• **DATA RECORDS**
[Start of Attachment]

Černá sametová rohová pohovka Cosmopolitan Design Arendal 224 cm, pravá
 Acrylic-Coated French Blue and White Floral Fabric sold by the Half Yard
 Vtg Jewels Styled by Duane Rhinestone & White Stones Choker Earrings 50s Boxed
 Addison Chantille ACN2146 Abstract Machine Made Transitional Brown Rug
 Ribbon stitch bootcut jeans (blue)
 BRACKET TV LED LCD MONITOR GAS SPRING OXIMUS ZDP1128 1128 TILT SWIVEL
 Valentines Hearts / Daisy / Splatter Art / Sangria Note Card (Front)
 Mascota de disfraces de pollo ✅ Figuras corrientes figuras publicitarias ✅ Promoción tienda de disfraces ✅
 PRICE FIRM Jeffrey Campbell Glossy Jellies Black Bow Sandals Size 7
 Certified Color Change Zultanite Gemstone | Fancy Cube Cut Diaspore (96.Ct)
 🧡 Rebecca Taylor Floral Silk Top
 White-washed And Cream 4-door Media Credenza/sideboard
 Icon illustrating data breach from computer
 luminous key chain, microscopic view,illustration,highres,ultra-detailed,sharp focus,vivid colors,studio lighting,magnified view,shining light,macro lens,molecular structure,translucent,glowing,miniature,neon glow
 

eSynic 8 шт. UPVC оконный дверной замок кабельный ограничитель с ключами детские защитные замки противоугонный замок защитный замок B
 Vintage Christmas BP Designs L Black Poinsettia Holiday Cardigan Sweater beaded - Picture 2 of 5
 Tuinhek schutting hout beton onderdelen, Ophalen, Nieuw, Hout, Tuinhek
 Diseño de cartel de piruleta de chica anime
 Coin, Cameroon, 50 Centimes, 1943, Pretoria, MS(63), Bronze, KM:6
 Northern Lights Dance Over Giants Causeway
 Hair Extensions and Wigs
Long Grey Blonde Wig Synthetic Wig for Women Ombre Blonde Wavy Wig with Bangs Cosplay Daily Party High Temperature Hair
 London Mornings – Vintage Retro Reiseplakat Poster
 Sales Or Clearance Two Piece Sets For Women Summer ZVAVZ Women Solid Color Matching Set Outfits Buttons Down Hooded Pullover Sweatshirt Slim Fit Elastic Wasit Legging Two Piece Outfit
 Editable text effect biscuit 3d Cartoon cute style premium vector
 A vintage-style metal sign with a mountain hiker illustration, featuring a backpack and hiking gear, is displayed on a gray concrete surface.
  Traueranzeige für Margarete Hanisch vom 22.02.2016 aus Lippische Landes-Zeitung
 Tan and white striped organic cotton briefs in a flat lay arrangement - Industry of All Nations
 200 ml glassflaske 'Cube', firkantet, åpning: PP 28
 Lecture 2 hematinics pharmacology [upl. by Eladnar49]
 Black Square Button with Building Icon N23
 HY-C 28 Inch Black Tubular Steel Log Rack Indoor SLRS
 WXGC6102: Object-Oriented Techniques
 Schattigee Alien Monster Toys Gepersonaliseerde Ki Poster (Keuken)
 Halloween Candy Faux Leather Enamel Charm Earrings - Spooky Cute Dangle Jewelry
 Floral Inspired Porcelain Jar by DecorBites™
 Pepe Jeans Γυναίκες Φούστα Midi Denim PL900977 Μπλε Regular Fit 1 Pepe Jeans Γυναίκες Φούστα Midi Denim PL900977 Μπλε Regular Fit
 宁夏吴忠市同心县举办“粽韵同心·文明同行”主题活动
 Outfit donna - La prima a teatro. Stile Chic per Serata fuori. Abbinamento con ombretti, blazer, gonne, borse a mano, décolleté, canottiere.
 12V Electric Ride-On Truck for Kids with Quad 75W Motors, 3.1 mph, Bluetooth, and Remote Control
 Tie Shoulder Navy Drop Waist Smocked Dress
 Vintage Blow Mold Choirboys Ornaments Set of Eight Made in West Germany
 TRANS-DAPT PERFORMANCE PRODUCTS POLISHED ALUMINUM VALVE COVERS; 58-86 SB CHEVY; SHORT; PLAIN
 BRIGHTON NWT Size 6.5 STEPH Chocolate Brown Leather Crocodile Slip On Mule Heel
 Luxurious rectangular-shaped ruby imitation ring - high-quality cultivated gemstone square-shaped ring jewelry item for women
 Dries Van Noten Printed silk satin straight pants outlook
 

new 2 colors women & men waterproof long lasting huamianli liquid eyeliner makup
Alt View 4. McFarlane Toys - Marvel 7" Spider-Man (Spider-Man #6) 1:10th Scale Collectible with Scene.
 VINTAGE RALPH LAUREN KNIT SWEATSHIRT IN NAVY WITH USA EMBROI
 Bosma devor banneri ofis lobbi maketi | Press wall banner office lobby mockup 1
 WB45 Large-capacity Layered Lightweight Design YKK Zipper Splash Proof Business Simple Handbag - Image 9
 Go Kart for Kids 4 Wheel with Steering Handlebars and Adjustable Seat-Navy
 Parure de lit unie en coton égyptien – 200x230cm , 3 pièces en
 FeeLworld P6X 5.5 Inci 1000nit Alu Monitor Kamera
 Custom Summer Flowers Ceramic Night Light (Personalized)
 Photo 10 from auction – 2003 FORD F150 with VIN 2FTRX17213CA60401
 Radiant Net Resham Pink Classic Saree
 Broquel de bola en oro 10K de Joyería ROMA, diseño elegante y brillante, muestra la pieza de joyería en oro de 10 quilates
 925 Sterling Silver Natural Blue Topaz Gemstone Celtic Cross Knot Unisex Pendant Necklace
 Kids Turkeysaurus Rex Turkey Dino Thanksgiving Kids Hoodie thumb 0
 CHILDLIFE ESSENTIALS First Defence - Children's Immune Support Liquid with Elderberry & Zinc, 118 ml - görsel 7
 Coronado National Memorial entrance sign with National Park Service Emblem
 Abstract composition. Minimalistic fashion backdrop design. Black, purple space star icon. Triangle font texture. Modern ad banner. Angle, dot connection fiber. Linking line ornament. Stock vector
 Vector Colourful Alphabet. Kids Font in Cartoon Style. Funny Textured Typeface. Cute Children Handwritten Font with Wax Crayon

[End of Attachment]

• **WHAT IS BEING ASKED**
Every line of the listing above is to be written out again exactly.

• **RESPONSE FOR THIS EXERCISE**
Černá sametová rohová pohovka Cosmopolitan Design Arendal 224 cm, pravá
 Acrylic-Coated French Blue and White Floral Fabric sold by the Half Yard
 Vtg Jewels Styled by Duane Rhinestone & White Stones Choker Earrings 50s Boxed
 Addison Chantille ACN2146 Abstract Machine Made Transitional Brown Rug
 Ribbon stitch bootcut jeans (blue)
 BRACKET TV LED LCD MONITOR GAS SPRING OXIMUS ZDP1128 1128 TILT SWIVEL
 Valentines Hearts / Daisy / Splatter Art / Sangria Note Card (Front)
 Mascota de disfraces de pollo ✅ Figuras corrientes figuras publicitarias ✅ Promoción tienda de disfraces ✅
 PRICE FIRM Jeffrey Campbell Glossy Jellies Black Bow Sandals Size 7
 Certified Color Change Zultanite Gemstone | Fancy Cube Cut Diaspore (96.Ct)
 🧡 Rebecca Taylor Floral Silk Top
 White-washed And Cream 4-door Media Credenza/sideboard
 Icon illustrating data breach from computer
 luminous key chain, microscopic view,illustration,highres,ultra-detailed,sharp focus,vivid colors,studio lighting,magnified view,shining light,macro lens,molecular structure,translucent,glowing,miniature,neon glow
 

eSynic 8 шт. UPVC оконный дверной замок кабельный ограничитель с ключами детские защитные замки противоугонный замок защитный замок B
 Vintage Christmas BP Designs L Black Poinsettia Holiday Cardigan Sweater beaded - Picture 2 of 5
 Tuinhek schutting hout beton onderdelen, Ophalen, Nieuw, Hout, Tuinhek
 Diseño de cartel de piruleta de chica anime
 Coin, Cameroon, 50 Centimes, 1943, Pretoria, MS(63), Bronze, KM:6
 Northern Lights Dance Over Giants Causeway
 Hair Extensions and Wigs
Long Grey Blonde Wig Synthetic Wig for Women Ombre Blonde Wavy Wig with Bangs Cosplay Daily Party High Temperature Hair
 London Mornings – Vintage Retro Reiseplakat Poster
 Sales Or Clearance Two Piece Sets For Women Summer ZVAVZ Women Solid Color Matching Set Outfits Buttons Down Hooded Pullover Sweatshirt Slim Fit Elastic Wasit Legging Two Piece Outfit
 Editable text effect biscuit 3d Cartoon cute style premium vector
 A vintage-style metal sign with a mountain hiker illustration, featuring a backpack and hiking gear, is displayed on a gray concrete surface.
  Traueranzeige für Margarete Hanisch vom 22.02.2016 aus Lippische Landes-Zeitung
 Tan and white striped organic cotton briefs in a flat lay arrangement - Industry of All Nations
 200 ml glassflaske 'Cube', firkantet, åpning: PP 28
 Lecture 2 hematinics pharmacology [upl. by Eladnar49]
 Black Square Button with Building Icon N23
 HY-C 28 Inch Black Tubular Steel Log Rack Indoor SLRS
 WXGC6102: Object-Oriented Techniques
 Schattigee Alien Monster Toys Gepersonaliseerde Ki Poster (Keuken)
 Halloween Candy Faux Leather Enamel Charm Earrings - Spooky Cute Dangle Jewelry
 Floral Inspired Porcelain Jar by DecorBites™
 Pepe Jeans Γυναίκες Φούστα Midi Denim PL900977 Μπλε Regular Fit 1 Pepe Jeans Γυναίκες Φούστα Midi Denim PL900977 Μπλε Regular Fit
 宁夏吴忠市同心县举办“粽韵同心·文明同行”主题活动
 Outfit donna - La prima a teatro. Stile Chic per Serata fuori. Abbinamento con ombretti, blazer, gonne, borse a mano, décolleté, canottiere.
 12V Electric Ride-On Truck for Kids with Quad 75W Motors, 3.1 mph, Bluetooth, and Remote Control
 Tie Shoulder Navy Drop Waist Smocked Dress
 Vintage Blow Mold Choirboys Ornaments Set of Eight Made in West Germany
 TRANS-DAPT PERFORMANCE PRODUCTS POLISHED ALUMINUM VALVE COVERS; 58-86 SB CHEVY; SHORT; PLAIN
 BRIGHTON NWT Size 6.5 STEPH Chocolate Brown Leather Crocodile Slip On Mule Heel
 Luxurious rectangular-shaped ruby imitation ring - high-quality cultivated gemstone square-shaped ring jewelry item for women
 Dries Van Noten Printed silk satin straight pants outlook
 

new 2 colors women & men waterproof long lasting huamianli liquid eyeliner makup
Alt View 4. McFarlane Toys - Marvel 7" Spider-Man (Spider-Man #6) 1:10th Scale Collectible with Scene.
 VINTAGE RALPH LAUREN KNIT SWEATSHIRT IN NAVY WITH USA EMBROI
 Bosma devor banneri ofis lobbi maketi | Press wall banner office lobby mockup 1
 WB45 Large-capacity Layered Lightweight Design YKK Zipper Splash Proof Business Simple Handbag - Image 9
 Go Kart for Kids 4 Wheel with Steering Handlebars and Adjustable Seat-Navy
 Parure de lit unie en coton égyptien – 200x230cm , 3 pièces en
 FeeLworld P6X 5.5 Inci 1000nit Alu Monitor Kamera
 Custom Summer Flowers Ceramic Night Light (Personalized)
 Photo 10 from auction – 2003 FORD F150 with VIN 2FTRX17213CA60401
 Radiant Net Resham Pink Classic Saree
 Broquel de bola en oro 10K de Joyería ROMA, diseño elegante y brillante, muestra la pieza de joyería en oro de 10 quilates
 925 Sterling Silver Natural Blue Topaz Gemstone Celtic Cross Knot Unisex Pendant Necklace
 Kids Turkeysaurus Rex Turkey Dino Thanksgiving Kids Hoodie thumb 0
 CHILDLIFE ESSENTIALS First Defence - Children's Immune Support Liquid with Elderberry & Zinc, 118 ml - görsel 7
 Coronado National Memorial entrance sign with National Park Service Emblem
 Abstract composition. Minimalistic fashion backdrop design. Black, purple space star icon. Triangle font texture. Modern ad banner. Angle, dot connection fiber. Linking line ornament. Stock vector
 Vector Colourful Alphabet. Kids Font in Cartoon Style. Funny Textured Typeface. Cute Children Handwritten Font with Wax Crayon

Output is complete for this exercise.